◆ **Directions for this task**
Begin at the line containing "Clarins Everlasting Concealer" in the records below, end at the line containing "Sites similar to nuestroclima.com", and retype each line in that span exactly. No other line and no image should appear.

◆ **Input records**
+ + + + + + +
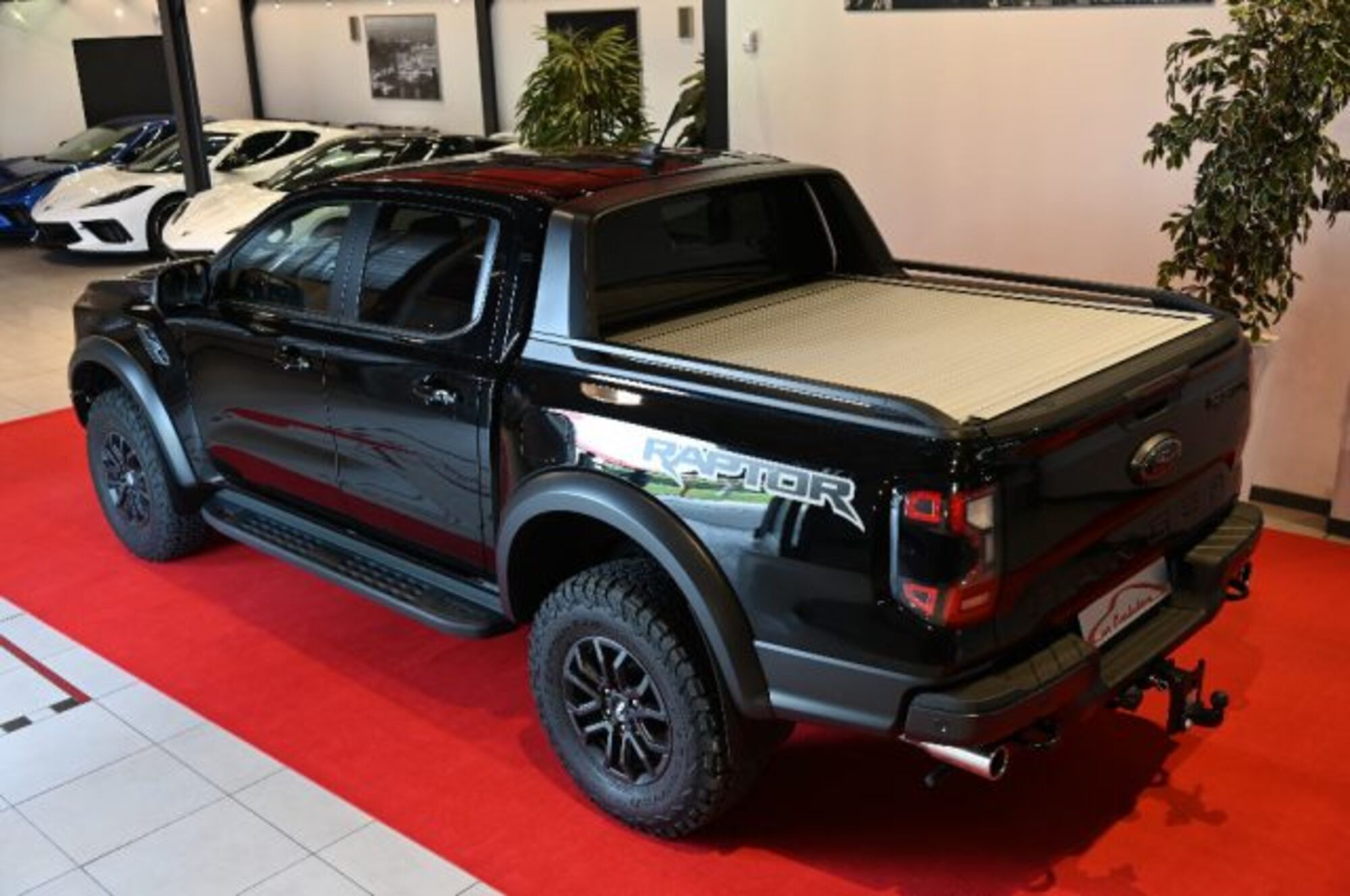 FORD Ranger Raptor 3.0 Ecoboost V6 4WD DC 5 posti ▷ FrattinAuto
+ + + + + + +
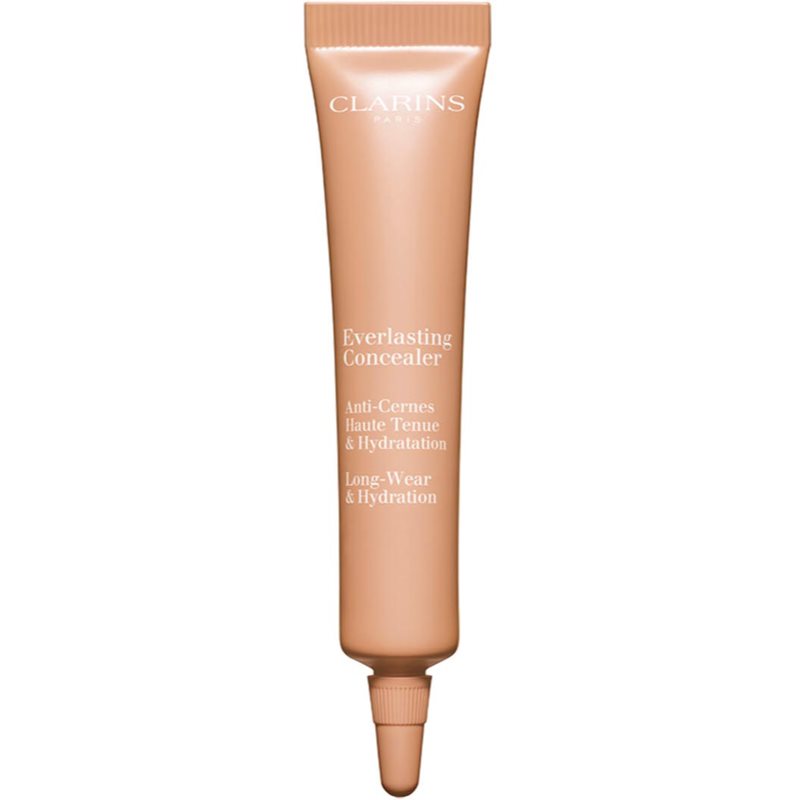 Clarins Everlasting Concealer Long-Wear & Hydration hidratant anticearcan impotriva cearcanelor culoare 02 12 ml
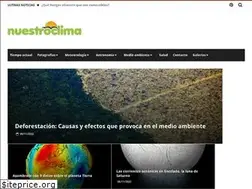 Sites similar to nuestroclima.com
+ + + + + + +
◆ **Expected output**
 Clarins Everlasting Concealer Long-Wear & Hydration hidratant anticearcan impotriva cearcanelor culoare 02 12 ml
 Sites similar to nuestroclima.com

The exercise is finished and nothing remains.